- [Exercise objective] Could you find every line in the records below that contains the word "Dress" and copy it?

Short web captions
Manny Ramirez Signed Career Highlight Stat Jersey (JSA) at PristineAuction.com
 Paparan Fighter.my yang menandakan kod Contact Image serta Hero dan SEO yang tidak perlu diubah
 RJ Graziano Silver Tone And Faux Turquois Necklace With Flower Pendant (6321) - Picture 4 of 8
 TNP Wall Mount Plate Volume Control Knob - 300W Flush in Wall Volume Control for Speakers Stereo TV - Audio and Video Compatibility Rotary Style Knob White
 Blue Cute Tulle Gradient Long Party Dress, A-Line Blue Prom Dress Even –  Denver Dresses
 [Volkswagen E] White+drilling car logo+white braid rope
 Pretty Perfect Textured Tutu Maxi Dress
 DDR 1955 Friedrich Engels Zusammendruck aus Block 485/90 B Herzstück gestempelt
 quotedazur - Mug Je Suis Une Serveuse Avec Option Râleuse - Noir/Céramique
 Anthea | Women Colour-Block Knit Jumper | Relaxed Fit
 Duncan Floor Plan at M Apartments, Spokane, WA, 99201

- [Task response]
 Blue Cute Tulle Gradient Long Party Dress, A-Line Blue Prom Dress Even –  Denver Dresses
 Pretty Perfect Textured Tutu Maxi Dress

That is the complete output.